* [Try it] Exactly the lines from the first line of the listing through the line containing "Bague Or Blanc 750 Aigues" should appear in the output, unchanged.

* [Exercise data]
──────────
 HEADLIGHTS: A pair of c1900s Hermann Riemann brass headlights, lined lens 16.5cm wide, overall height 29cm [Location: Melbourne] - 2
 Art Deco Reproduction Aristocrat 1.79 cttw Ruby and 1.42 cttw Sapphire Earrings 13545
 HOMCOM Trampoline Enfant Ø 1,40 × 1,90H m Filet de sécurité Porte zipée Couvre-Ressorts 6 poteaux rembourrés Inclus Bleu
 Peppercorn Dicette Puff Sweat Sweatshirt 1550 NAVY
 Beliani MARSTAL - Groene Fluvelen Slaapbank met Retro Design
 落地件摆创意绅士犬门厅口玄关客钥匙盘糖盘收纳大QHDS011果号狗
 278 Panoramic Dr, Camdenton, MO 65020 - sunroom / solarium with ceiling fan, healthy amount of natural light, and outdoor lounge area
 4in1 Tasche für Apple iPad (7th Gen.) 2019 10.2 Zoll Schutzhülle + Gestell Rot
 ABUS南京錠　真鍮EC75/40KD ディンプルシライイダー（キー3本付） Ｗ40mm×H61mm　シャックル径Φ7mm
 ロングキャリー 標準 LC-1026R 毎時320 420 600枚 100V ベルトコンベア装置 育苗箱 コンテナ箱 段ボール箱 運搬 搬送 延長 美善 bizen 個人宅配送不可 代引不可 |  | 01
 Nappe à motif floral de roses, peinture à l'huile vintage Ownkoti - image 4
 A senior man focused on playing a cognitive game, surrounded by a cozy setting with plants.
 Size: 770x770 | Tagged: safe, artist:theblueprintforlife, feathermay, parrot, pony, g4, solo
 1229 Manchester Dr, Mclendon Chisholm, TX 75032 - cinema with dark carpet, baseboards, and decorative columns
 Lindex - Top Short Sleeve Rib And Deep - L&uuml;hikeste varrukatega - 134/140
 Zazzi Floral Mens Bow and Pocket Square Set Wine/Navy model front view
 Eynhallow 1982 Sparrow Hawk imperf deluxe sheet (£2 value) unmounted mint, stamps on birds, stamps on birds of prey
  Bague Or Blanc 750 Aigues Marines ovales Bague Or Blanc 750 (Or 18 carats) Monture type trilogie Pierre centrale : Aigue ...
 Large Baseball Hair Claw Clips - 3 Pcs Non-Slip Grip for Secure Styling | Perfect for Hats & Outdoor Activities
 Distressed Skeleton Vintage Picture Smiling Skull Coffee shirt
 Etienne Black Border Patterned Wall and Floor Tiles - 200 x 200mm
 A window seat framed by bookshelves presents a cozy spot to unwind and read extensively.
──────────
* [Result of the exercise]
 HEADLIGHTS: A pair of c1900s Hermann Riemann brass headlights, lined lens 16.5cm wide, overall height 29cm [Location: Melbourne] - 2
 Art Deco Reproduction Aristocrat 1.79 cttw Ruby and 1.42 cttw Sapphire Earrings 13545
 HOMCOM Trampoline Enfant Ø 1,40 × 1,90H m Filet de sécurité Porte zipée Couvre-Ressorts 6 poteaux rembourrés Inclus Bleu
 Peppercorn Dicette Puff Sweat Sweatshirt 1550 NAVY
 Beliani MARSTAL - Groene Fluvelen Slaapbank met Retro Design
 落地件摆创意绅士犬门厅口玄关客钥匙盘糖盘收纳大QHDS011果号狗
 278 Panoramic Dr, Camdenton, MO 65020 - sunroom / solarium with ceiling fan, healthy amount of natural light, and outdoor lounge area
 4in1 Tasche für Apple iPad (7th Gen.) 2019 10.2 Zoll Schutzhülle + Gestell Rot
 ABUS南京錠　真鍮EC75/40KD ディンプルシライイダー（キー3本付） Ｗ40mm×H61mm　シャックル径Φ7mm
 ロングキャリー 標準 LC-1026R 毎時320 420 600枚 100V ベルトコンベア装置 育苗箱 コンテナ箱 段ボール箱 運搬 搬送 延長 美善 bizen 個人宅配送不可 代引不可 |  | 01
 Nappe à motif floral de roses, peinture à l'huile vintage Ownkoti - image 4
 A senior man focused on playing a cognitive game, surrounded by a cozy setting with plants.
 Size: 770x770 | Tagged: safe, artist:theblueprintforlife, feathermay, parrot, pony, g4, solo
 1229 Manchester Dr, Mclendon Chisholm, TX 75032 - cinema with dark carpet, baseboards, and decorative columns
 Lindex - Top Short Sleeve Rib And Deep - L&uuml;hikeste varrukatega - 134/140
 Zazzi Floral Mens Bow and Pocket Square Set Wine/Navy model front view
 Eynhallow 1982 Sparrow Hawk imperf deluxe sheet (£2 value) unmounted mint, stamps on birds, stamps on birds of prey
  Bague Or Blanc 750 Aigues Marines ovales Bague Or Blanc 750 (Or 18 carats) Monture type trilogie Pierre centrale : Aigue ...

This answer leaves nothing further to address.